3DOT: Texture Transfer for 3DGS Objects from a Single Reference Image
Xiao Cao, Beibei Lin, Bo Wang, Zhiyong Huang, Robby T. Tan
TL;DR
3DOT addresses the challenge of transferring texture from a single 2D image to a fixed 3D Gaussian Splatting object by introducing a progressive generation pipeline, view-consistency gradient guidance, and prompt-tuning-based gradient guidance. The method propagates edits from a reference view to neighboring views, enforces cross-view coherence through gradient-guided diffusion with cross-attention and text cues, and preserves texture characteristics by learning a texture-difference token aligned via CLIP space. Evaluations on 360-degree and face-forwarding datasets show state-of-the-art performance in both qualitative and quantitative metrics, with favorable editing speed compared to NeRF-based approaches.
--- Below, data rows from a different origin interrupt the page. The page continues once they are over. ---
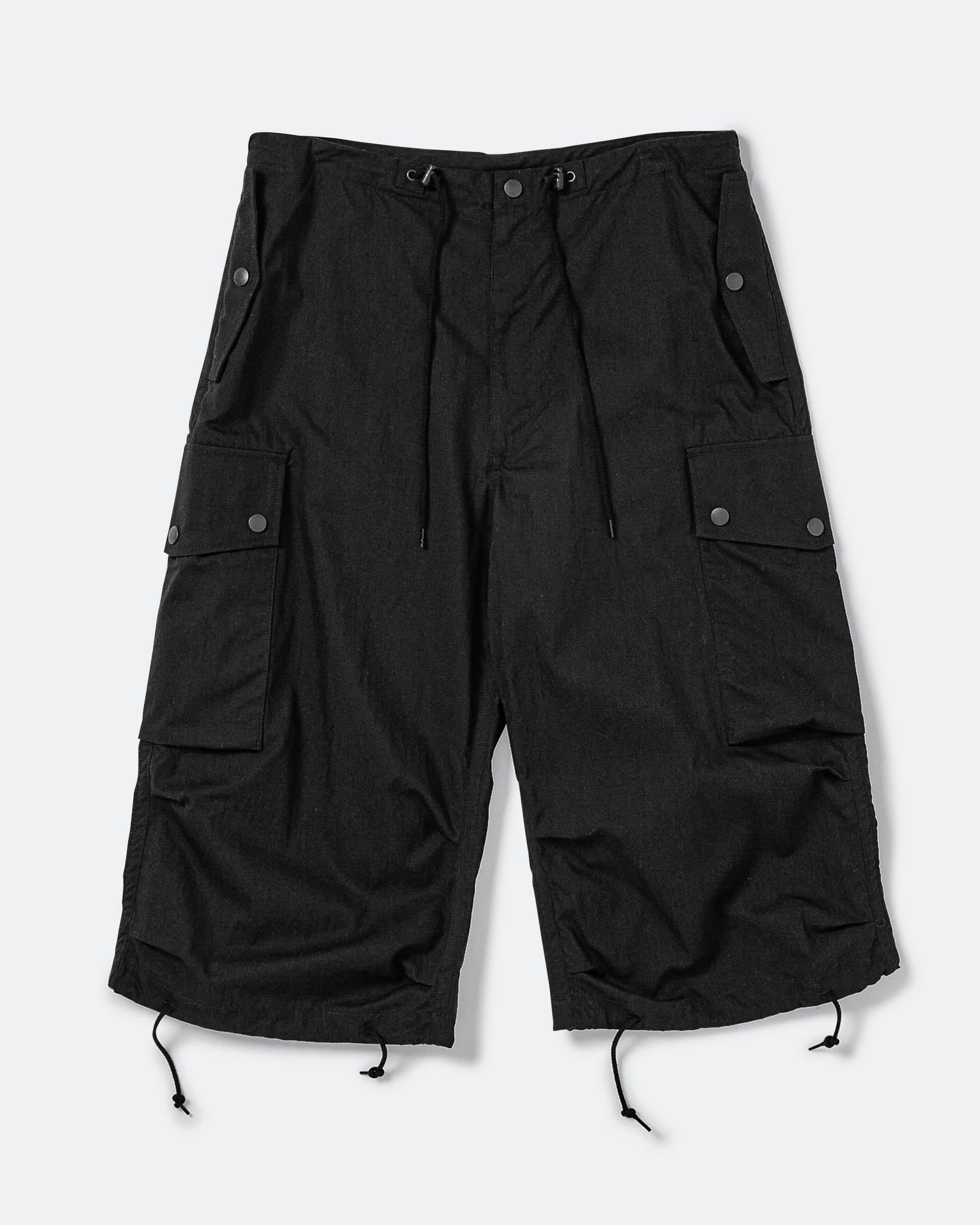 Needles Field Short - Black C/N Oxford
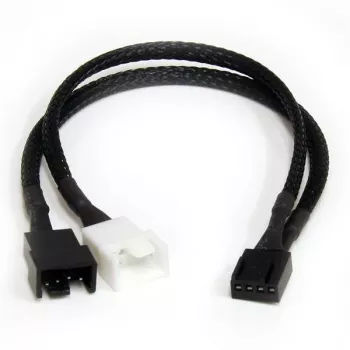 StarTech.com Ventilador para carcasa de ordenador de 80x25mm con PWM - conector de modulación por ancho de pulsos
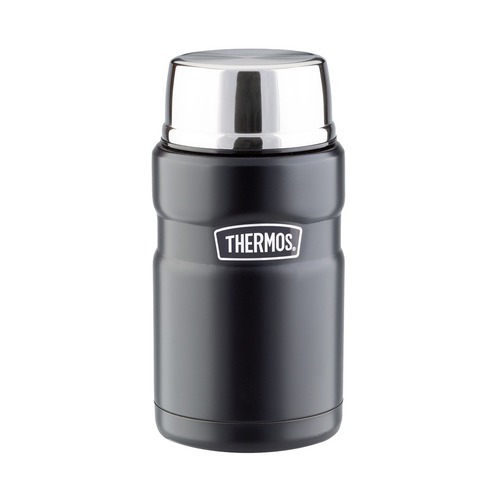 Термос THERMOS SK3020 BK King Stainless, 0.71л, черный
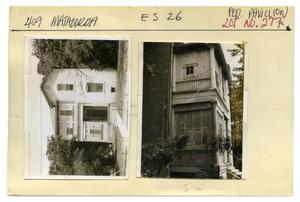 409 Matagorda Lot No. 277-2 story multi-family dwelling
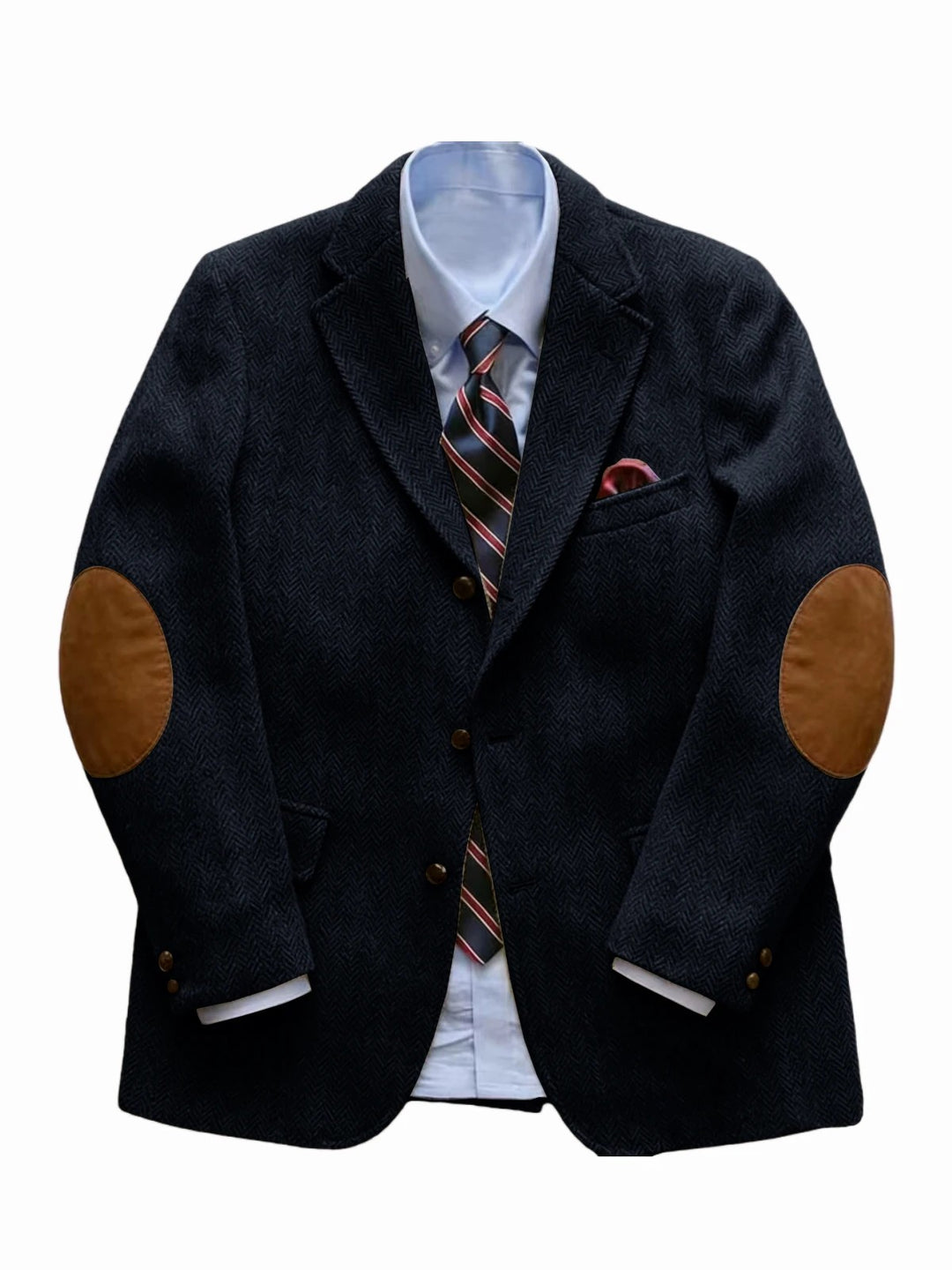 Ashcroft Herringbone Blazer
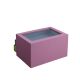 Desktop Solid Wood Storage Box, Wooden Cosmetics and Miscellaneous Items Organizer, Multi-Layer Drawer-Style Desk Storage Box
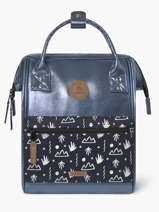 Adventurer Small - Minirugzak  Cabaia Blauw adventurer S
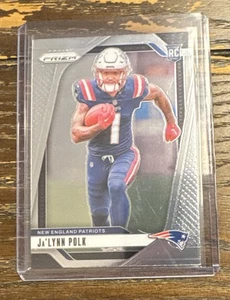 Ja'Lynn Polk 2024 Panini Prizm #339 Rookie New England Patriots Silver RC - Picture 1 of 2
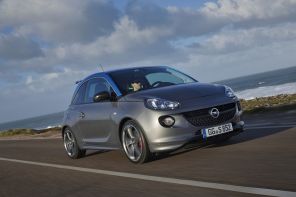 L'Opel Adam S se montre fort vivace grâce à son moteur 1.4 Turbo de 150 ch.
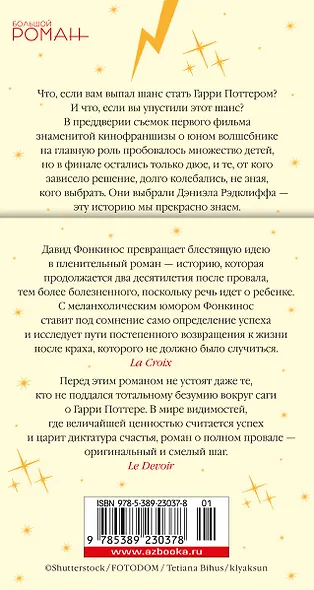 Номер Два. Роман о человеке, который не стал Гарри Поттером - фото 2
The work demonstrates robust texture identity preservation and view-consistent edits across unseen viewpoints, offering a practical, efficient solution for texture transfer in 3D editing scenarios.
Abstract
3D texture swapping allows for the customization of 3D object textures, enabling efficient and versatile visual transformations in 3D editing. While no dedicated method exists, adapted 2D editing and text-driven 3D editing approaches can serve this purpose. However, 2D editing requires frame-by-frame manipulation, causing inconsistencies across views, while text-driven 3D editing struggles to preserve texture characteristics from reference images. To tackle these challenges, we introduce 3DSwapping, a 3D texture swapping method that integrates: 1) progressive generation, 2) view-consistency gradient guidance, and 3) prompt-tuned gradient guidance. To ensure view consistency, our progressive generation process starts by editing a single reference image and gradually propagates the edits to adjacent views. Our view-consistency gradient guidance further reinforces consistency by conditioning the generation model on feature differences between consistent and inconsistent outputs. To preserve texture characteristics, we introduce prompt-tuning-based gradient guidance, which learns a token that precisely captures the difference between the reference image and the 3D object. This token then guides the editing process, ensuring more consistent texture preservation across views. Overall, 3DSwapping integrates these novel strategies to achieve higher-fidelity texture transfer while preserving structural coherence across multiple viewpoints. Extensive qualitative and quantitative evaluations confirm that our three novel components enable convincing and effective 2D texture swapping for 3D objects. Code will be available upon acceptance.